Principles of integrators for ODEs

The first part of this lesson introduced the formalism and the basic ideas behind integration algorithms.

We revisit the Euler algorithm and introduce much better algorithms, namely the Runge-Kutta schemes and the Verlet integrator.

Accuracy and performance of Euler and Runge-Kutta integrators

The second part shows how to assess the accuracy of integration algorithms and analyzes in more depth the simple Euler integrator and the Runge-Kutta methods, namely rk2 and rk4. As examples we use the simple 1D harmonic oscillator with potential energy function \(U(x) = \frac{1}{2} k x^2\), an anharmonic oscillator (\(U(x) = \frac{1}{2} k x^2 (1-\frac{2}{3} \alpha x)\)), and a 6-th power oscillator (\(U(x) = \frac{1}{6} k x^6\)).

The Jupyter notebook 10-ODE_integrators.ipynb contains the lecture notes and implementations are in the module integrators.py.1

Verlet integrators

The third part introduces a different class of integrators: time reversible (and symplectic) integrators such as the velocity Verlet algorithm, which have worse accuracy than e.g. RK4 but long term stability.

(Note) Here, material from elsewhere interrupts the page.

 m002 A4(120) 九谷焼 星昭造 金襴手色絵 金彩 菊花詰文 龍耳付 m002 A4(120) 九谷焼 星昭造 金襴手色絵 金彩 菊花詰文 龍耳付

  • The notebook 10-ODE-integrators-verlet.ipynb implements the velocity Verlet algorithm and shows how to use it to calculate the orbit of the Earth around the sun.

Resources


Footnotes

  1. As usual, git pull the resources repository PHY432-resources to get a local copy of the notebook. Then copy the notebook and all other code into your work directory in order to complete the exercises.